Consideriamo un momento questi “livelli abbastanza generali”.

E’ piuttosto evidente che tutti gli individui di un medesimo gruppo culturale, sociale, locale, siano “più o meno simili”, e che facciano (più o meno) le stesse cose. Tutti vogliamo fare tre pasti al giorno, essere felici, benestanti, in salute; come si declina questo benessere dipende dalle diverse culture per la semplice ragione che i nostri concetti (inclusi quelli di ‘benessere’, ‘felicità’ etc.) nascono sulla base di schemi mentali costruiti, in ciascuno di noi, sulle esperienze fatte. Poiché i ragazzi romani vivono nella stessa città, nella stessa epoca, vanno in scuole con i medesimi programmi, tifano presumibilmente per la stessa squadra, mangiano gli stessi spaghetti all’amatriciana, chattano sugli stessi social media, è quindi abbastanza facile descriverli, all’ingrosso, con una certa attendibilità. Poi ci sono differenze di genere, per esempio, e ancora è facile immaginare teorie per differenziare la descrizione dei giovani romani dalle giovani romane. Poi ci sono differenze sociali eclatanti, per esempio fra giovani dei Parioli e di Tor Bella Monaca, poi fra chi intraprende studi tecnici o umanistici, e insomma l’osservazione delle differenze più eclatanti, con aggiunta di una discreta mole di esperienze empiriche, aiutano a formulare descrizioni, ipotesi, e quindi teorie comportamentali sui giovani romani. Quei giovani, nelle diverse sotto-articolazioni (di genere, economiche, etc.) hanno schemi mentali simili, elaborano concetti simili, vedono la realtà in maniera abbastanza simile e si comportano di conseguenza. Le diversità eclatanti sono spesso ignorate dai sociologi perché fuori dalla parte centrale della gaussiana, quella che spiega il 95% del mondo.

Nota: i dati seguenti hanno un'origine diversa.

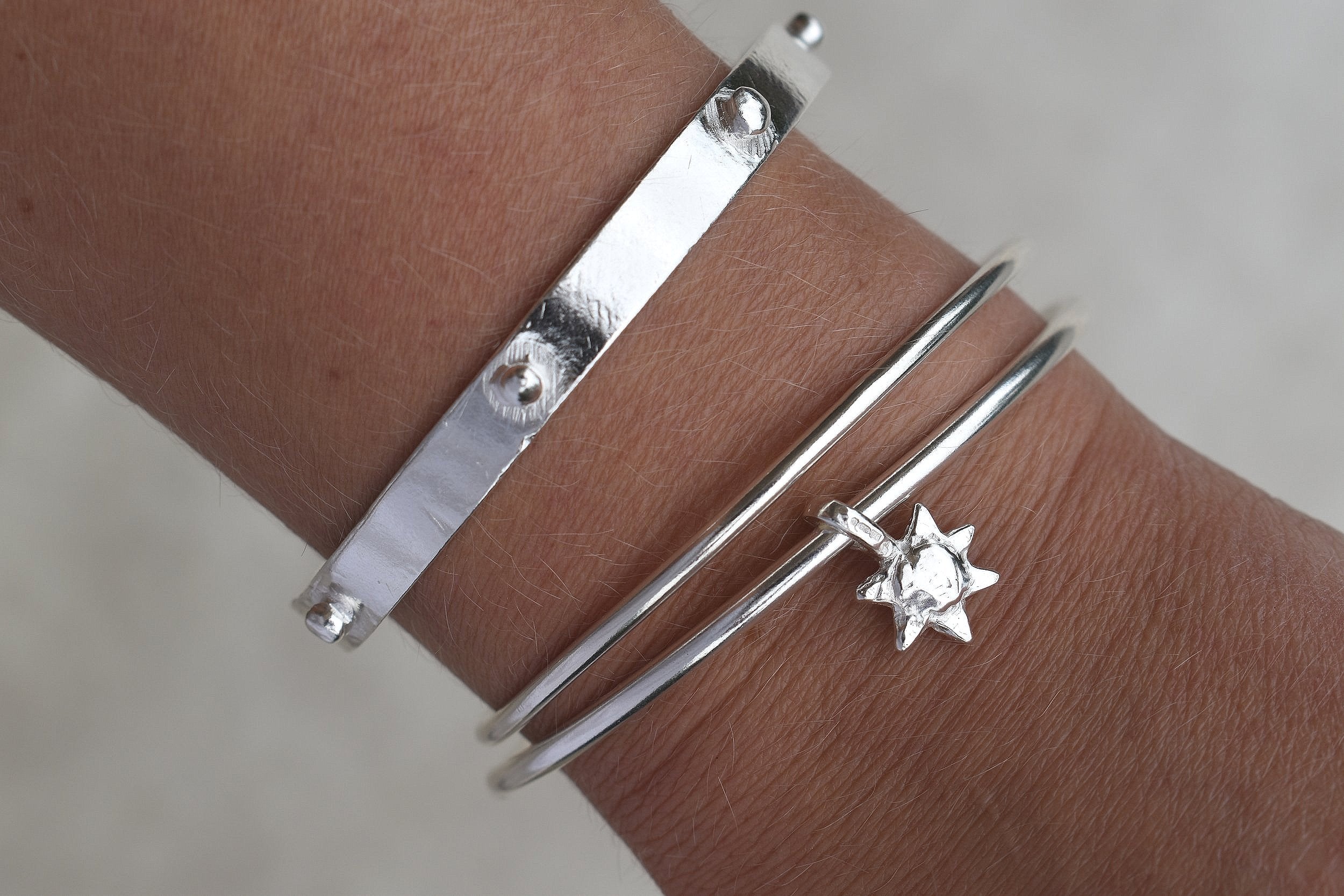 Solid silver round wire bangle with a mini sunshine charm. Can be worn alone or with a combination of other bangles from the collection. Round thick silver stack bangle silver cuff charm bracelet round solid silver bangle ladies bracelet with charm personalised word bracelet bangle stack silver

Già i giovani di Palermo sono un po’ diversi, i giovani cinesi ancora di più, i giovani testimoni di Geova, scout, omosessuali, abusati, figli di boss della mala, con deficit cognitivo, scampati al bombardamento di Mariupol, con patologie congenite etc., ecco, tutti questi presentano dei tratti personologici significativamente differenti dalla media generica dei romani perché hanno percorso (quasi di regola: non per loro merito o colpa) delle strade molto specifiche, che hanno prodotto schemi mentali leggermente diversi ed elaborato concetti specifici. Costoro, solitamente, sono nelle code della gaussiana e il ricercatore sociale rubrica le loro risposte divergenti nella categoria “Altro”, e la nostra conoscenza generale della società risulta, alla fine, confermata.